I would probably just rotate the image and labels and change the yes to “Total Crashes (427)”

Gender Gap

This visualization depicts the salary gap between males and females by industry in the UK with the mean salary of each position within a category. We can use group_by() and summarize_at() to create a new variable for each category and then use facet_wrap() . Since positions only belong to one category you need to set scales = "free_x" for missing observations.

gendergap <- read.csv("gendergap.csv")# gather the dataset
tidy_gap <- gendergap %>%
gather(key = sex, value = salary, -title, -category)
category_means <- tidy_gap %>%
group_by(category) %>%
summarize_at(vars(salary), mean)
tidy_gap %>% ggplot(aes(x = title, y = salary, color = sex)) +
facet_grid(. ~ category, scales = "free_x", space = "free") +
geom_line(color = "white") +
geom_point() +
scale_color_manual(values = c("#F49171", "#81C19C")) +
geom_hline(data = category_means, aes(yintercept = salary), color = "white", alpha = 0.6, size = 1) +
theme(legend.position = "none",
panel.background = element_rect(color = "#242B47", fill = "#242B47"),
plot.background = element_rect(color = "#242B47", fill = "#242B47"),
axis.line = element_line(color = "grey48", size = 0.05, linetype = "dotted"),
axis.text = element_text(family = "Georgia", color = "white"),
axis.text.x = element_text(angle = 90),
# Get rid of the y- and x-axis titles
axis.title.y=element_blank(),
axis.title.x=element_blank(),
panel.grid.major.y = element_line(color = "grey48", size = 0.05),
panel.grid.minor.y = element_blank(),
panel.grid.major.x = element_blank(),
strip.background = element_rect(color = "#242B47", fill = "#242B47"),
strip.text = element_text(color = "white", family = "Georgia"))

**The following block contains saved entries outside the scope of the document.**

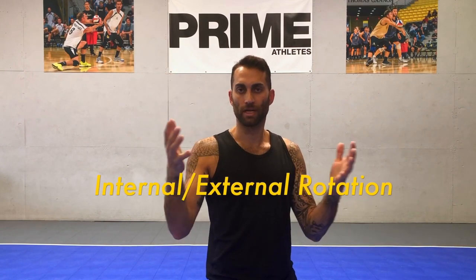Hey everybody, Isaac Noble here. I figured I'd finally step in front of the camera and chat a little bit about arm mechanics. One of the first things that we're going to chat about is internal and external rotation at the shoulder joint.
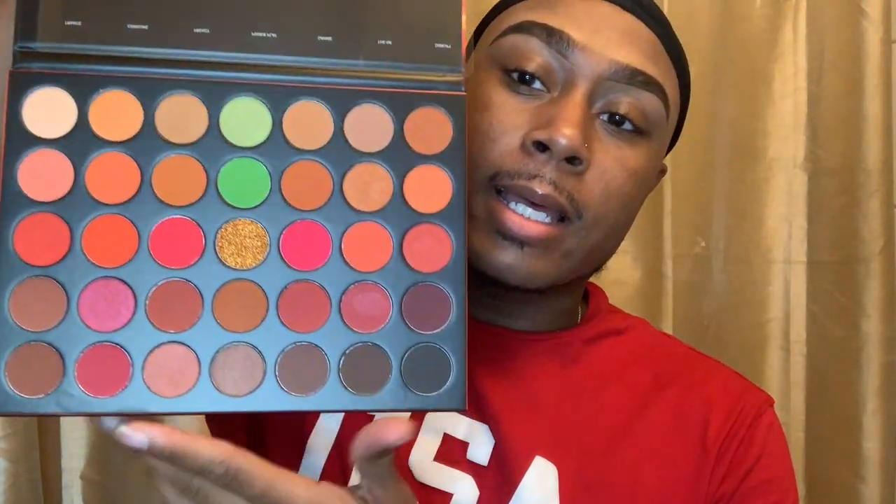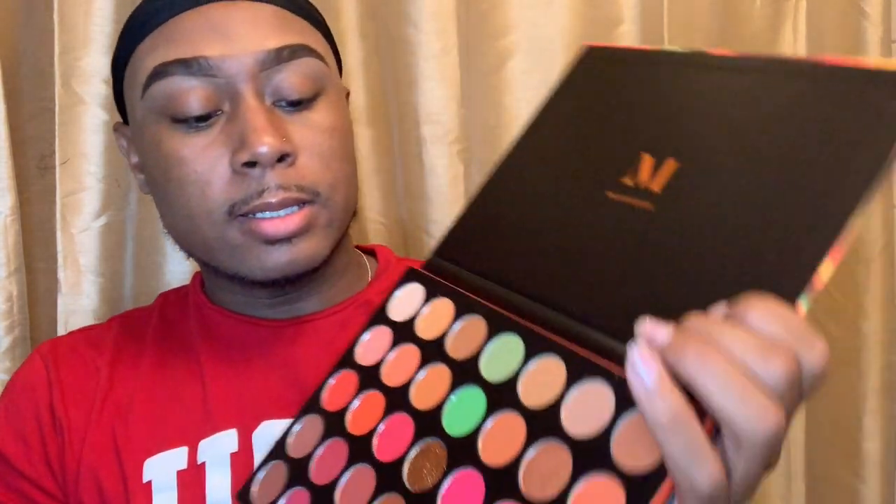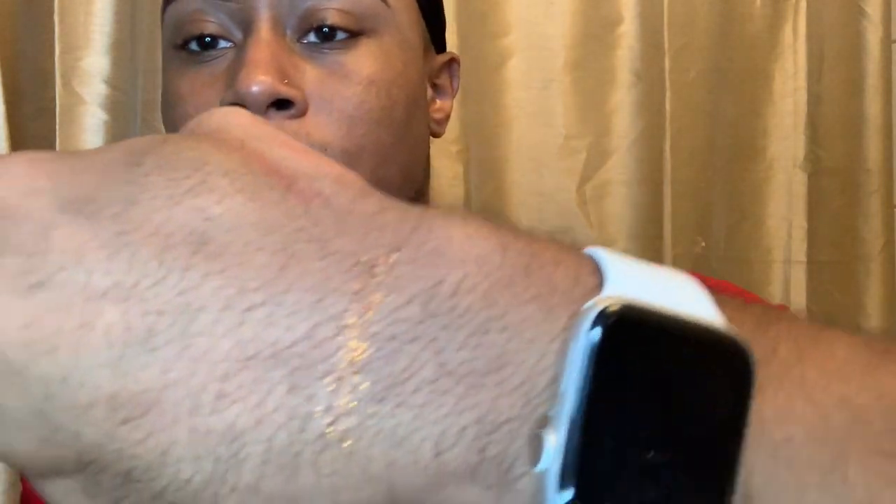We're gonna get into it, do a couple swatches and get into this look, so if you want to see what I create, stay tuned. The palette has a lot of browns, a lot of oranges, some reds, and this gold is really pretty. I think that's what I'm gonna hop into — it's called the shade 'Make-Believe.' Let's go ahead and swatch Make-Believe. Oh, it's creamy! That's pretty. That was the shade Make-Believe. Let me see Red Alert — let's swatch Red Alert.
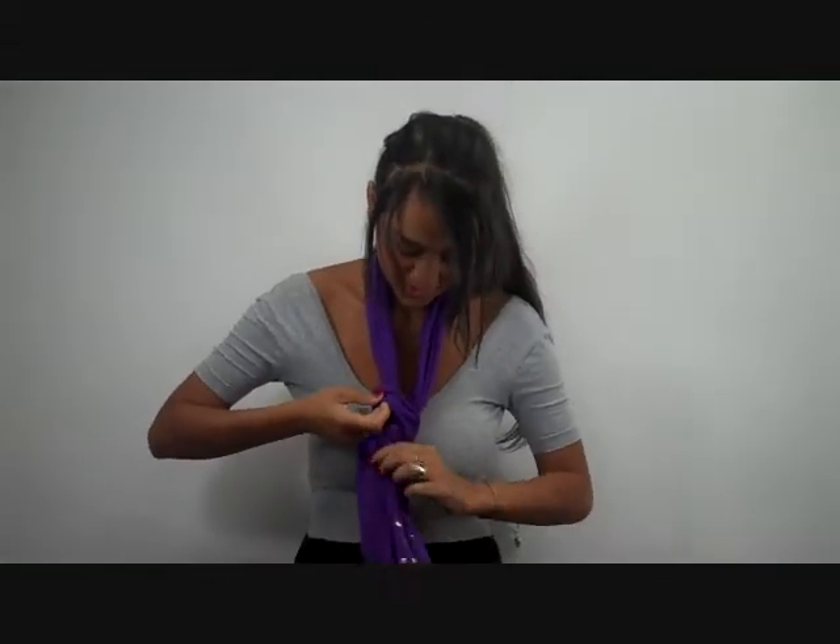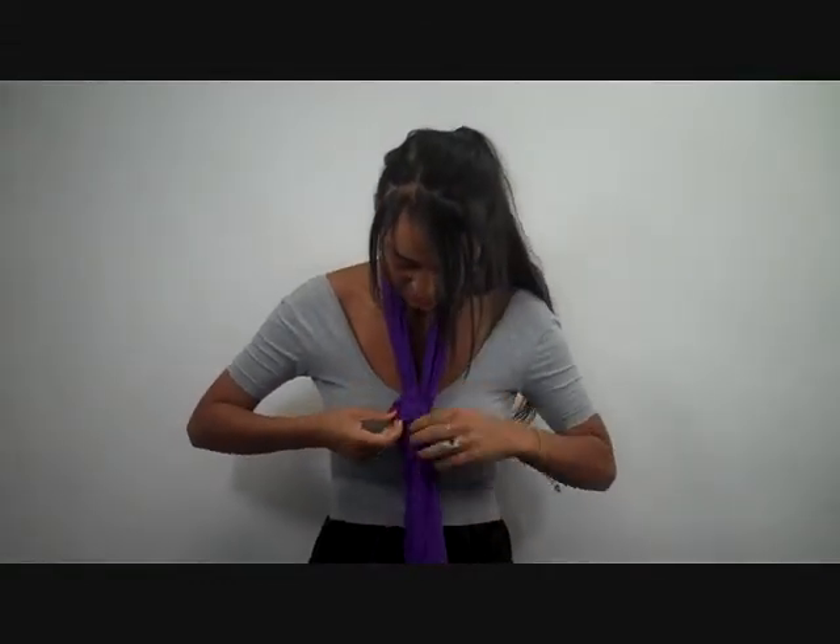Then pull this taut, like that, and it creates a necktie variation.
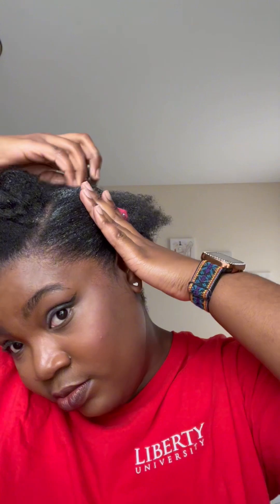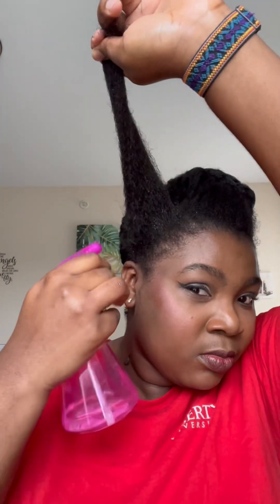Then I'm going in with the Got To Be Glue just to hold it, and I'm going to brush it in. I'm going to use my claw clip to hold it in place so it stays down. Then I'm going to move over to the next section — that's basically what I'll be doing for the rest of the video. If you have any questions, leave them down in the comments and I'll be happy to answer.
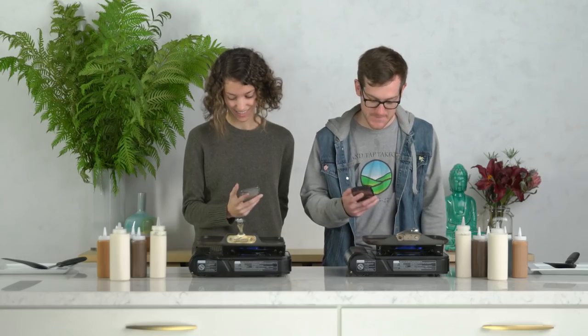All right, all right, here goes nothing. Okay, on your marks. Here we go. Go.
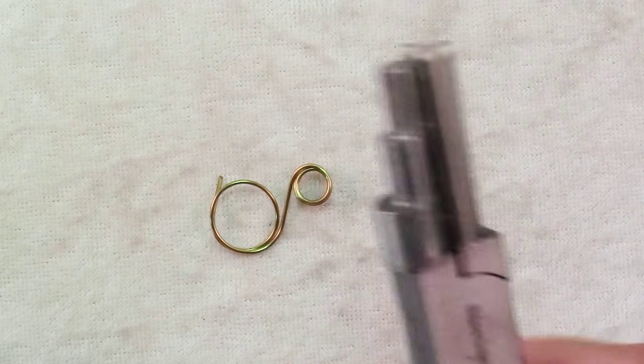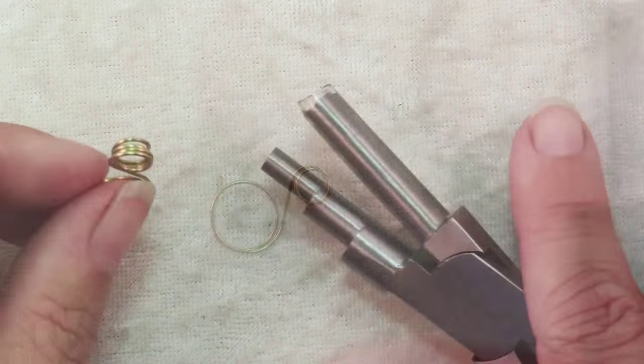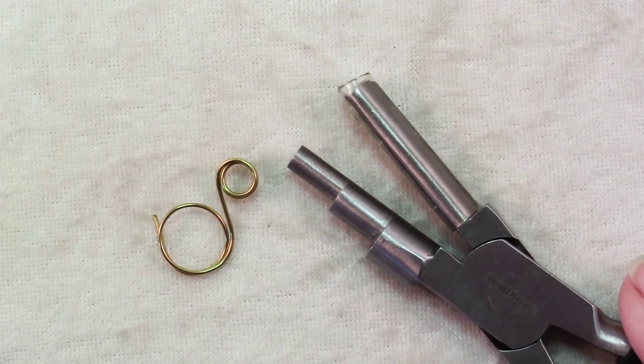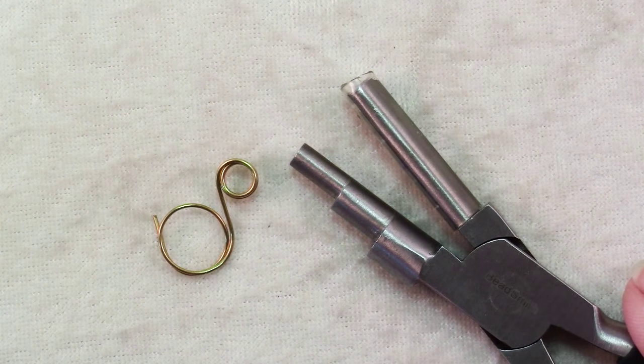It really helps you to keep your work nice and consistent. So if you're looking to experiment and play with wire wrapping, a pair of bail making pliers just might be for you.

One thing that I’m not sure how to handle is the spacing between each of the variables on the x-axis. Since there is a different number of variables for each facet it would be nice if one could specify they want equal spacing along the x-axis as an option in the facet_wrap(); however, I don’t think it’s possible (if you know a workaround please leave a comment!).

## EDIT SEPTEMBER 5 2018

Thanks to help from the ever so helpful community at StackOverflow I learned it was facet_grid() and not facet_wrap() that I needed. Bonus points if anyone figures out how to manually adjust the distance between each of the categories in the x-axis (e.g. minimize the spacing).

That’s all for me, it’s been fun doing this series and I hope you’ve enjoyed!